Recent budget cuts and 15 years of war have degraded the military’s readiness to the point that senior leaders told lawmakers on Tuesday their forces may not be prepared for an unexpected crisis.

“I worry about the capability and the capacity to win in a major fight somewhere else right now,” Gen. John Paxton, assistant commandant of the Marine Corps, told the Senate Armed Services’ Subcommittee on Readiness and Management Support.

Paxton said units at home face the most risk because of fewer training opportunities with the best equipment deployed with forces overseas. A reduced level of readiness means Marines could face more casualties in a war and might not be able to deter a potential enemy, reported Stars and Stripes.

Air Force Vice Chief Gen.
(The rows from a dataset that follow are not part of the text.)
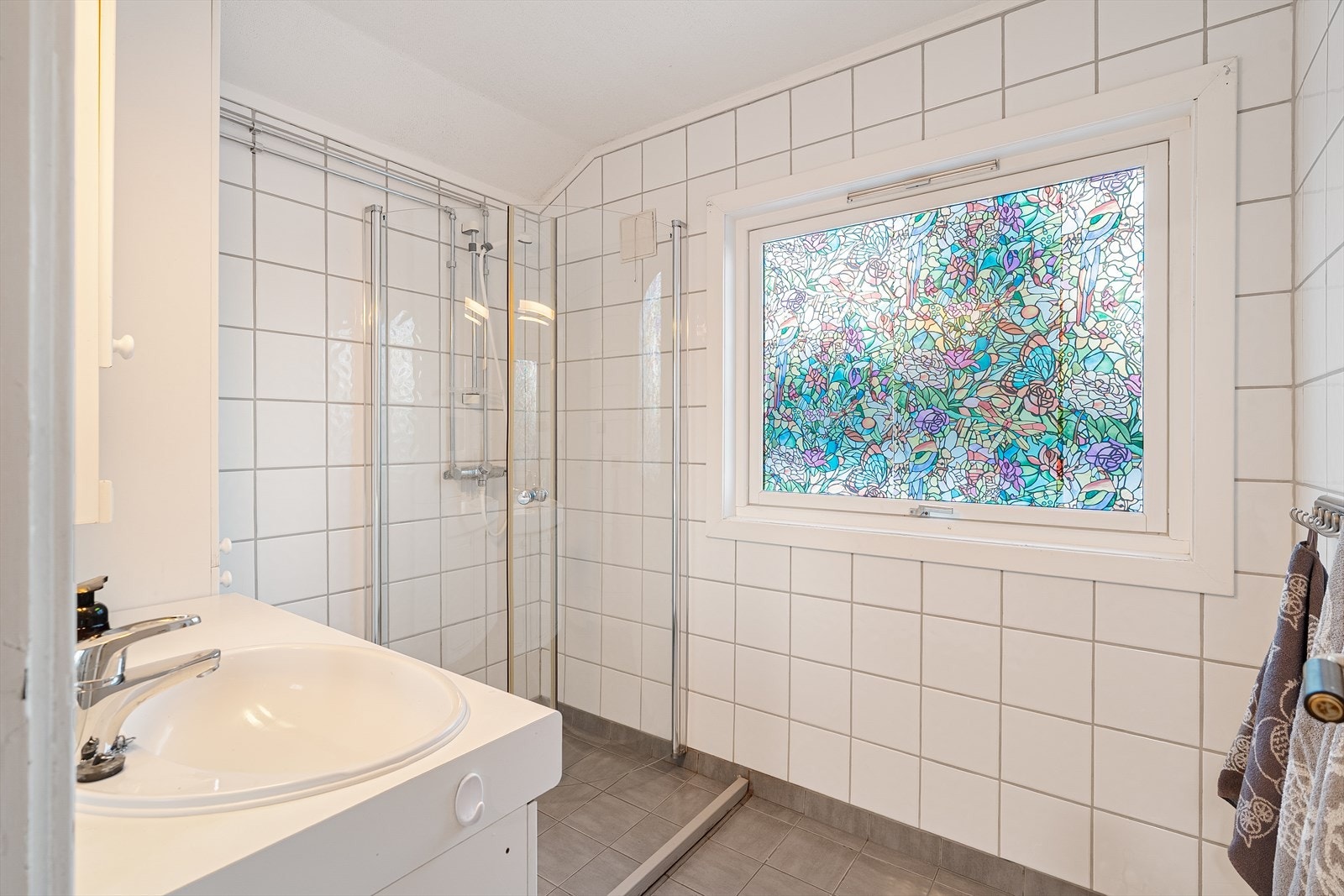 Flislagt bad med gulvvarme i 2. etasje på ca. 4,3 kvadratmeter Galleribilde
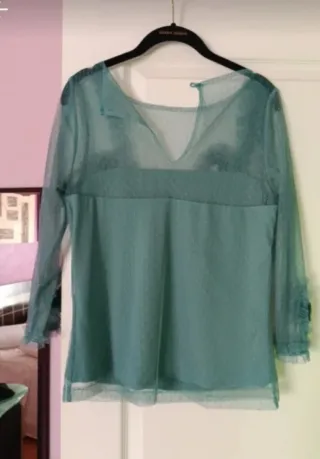 Conjunto de falda y blusa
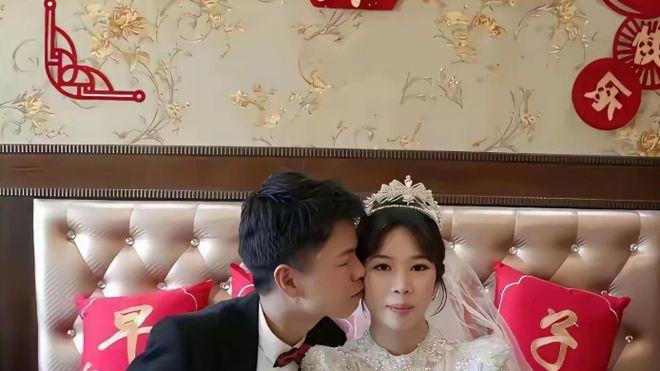 新婚女子手臂成亮点，“满眼都是xxx”，难道新郎一点都不在乎？
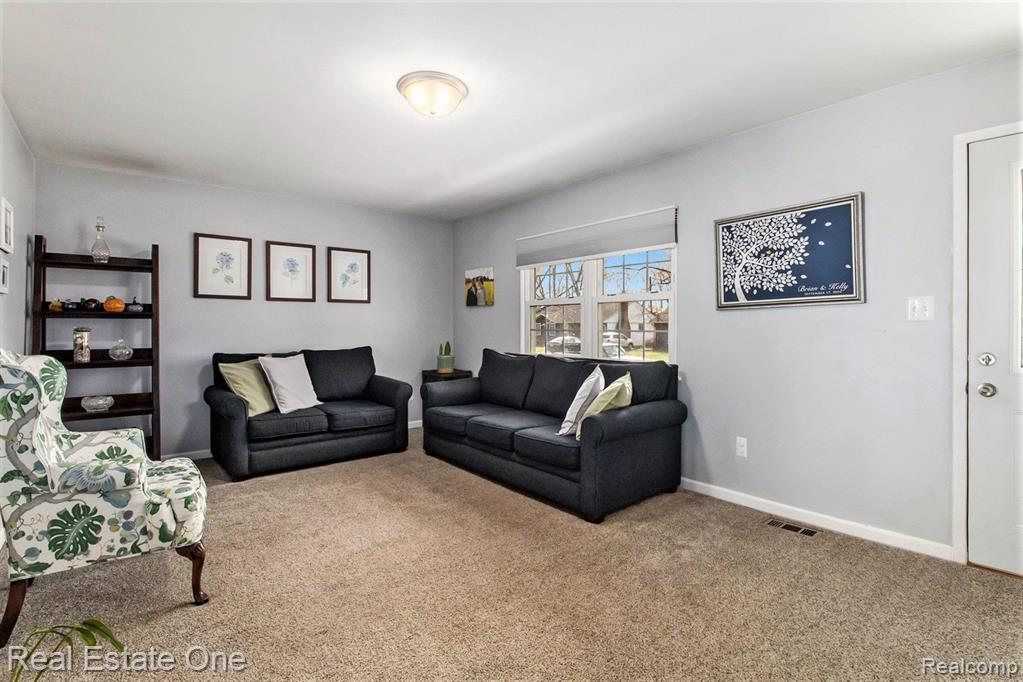 5201 Leland Street, Brighton, MI 48116 — Photo 4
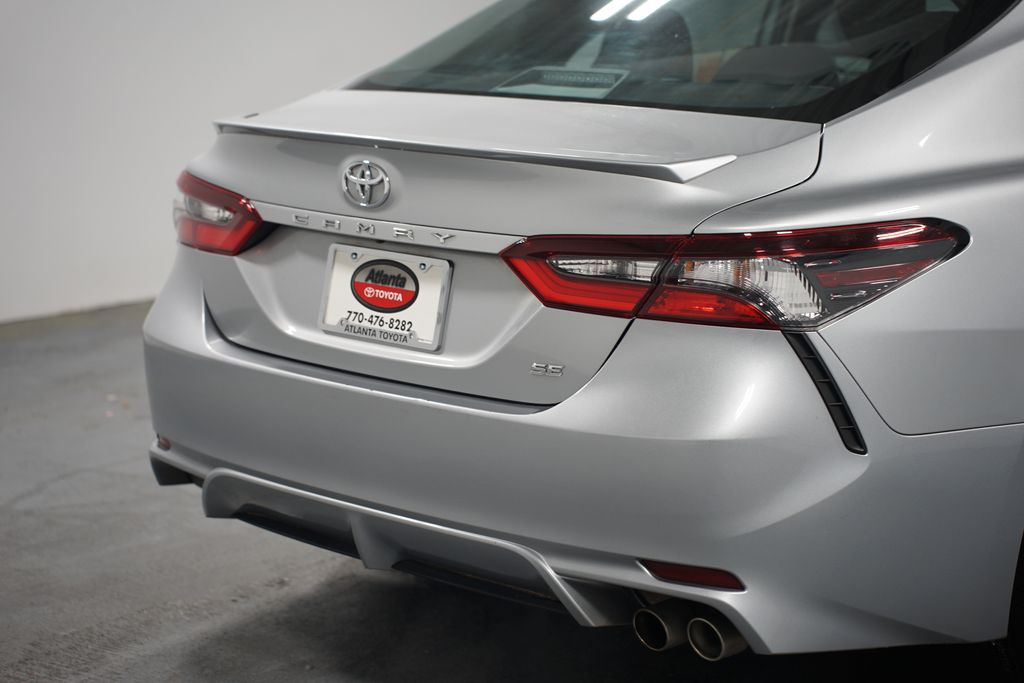 2022 Toyota Camry SE 9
David Goldfein echoed Paxton’s assessment. “I do not have a level of comfort that we are ready for a significant conflict” against a major adversary, he told the panel.
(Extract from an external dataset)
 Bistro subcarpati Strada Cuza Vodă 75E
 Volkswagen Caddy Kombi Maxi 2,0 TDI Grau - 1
The witnesses also pointed out that the expected completion of deployments to Afghanistan doesn’t mean that readiness will be restored shortly.
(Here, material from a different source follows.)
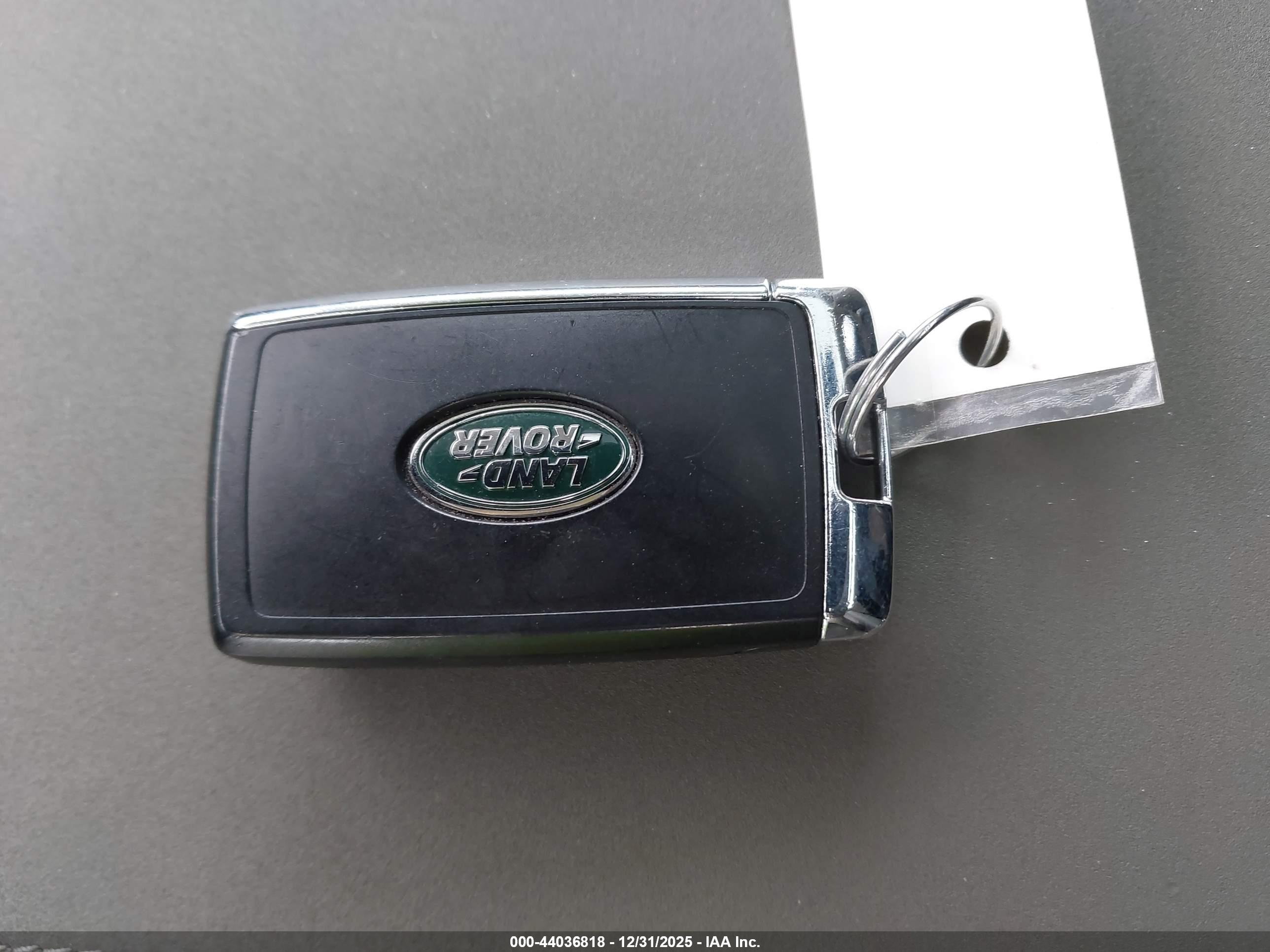 LAND ROVER image 11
“After more than 14 years of continuous combat, it is tempting to hope that respite lies just over the horizon,” said Army Vice Chief Gen. Daniel Allyn. “Instead, the velocity of instability is increasing. … We are consuming readiness as fast as we are building it,” Allyn said.

For soldiers, that means they are skipping training to focus on global missions, reported Military Times. Less than one-third of Army forces are at “acceptable levels of readiness to conduct sustained ground combat in a full spectrum environment,” Allyn said.

The witnesses’ written testimony and a webcast of the hearing are available on the committee website.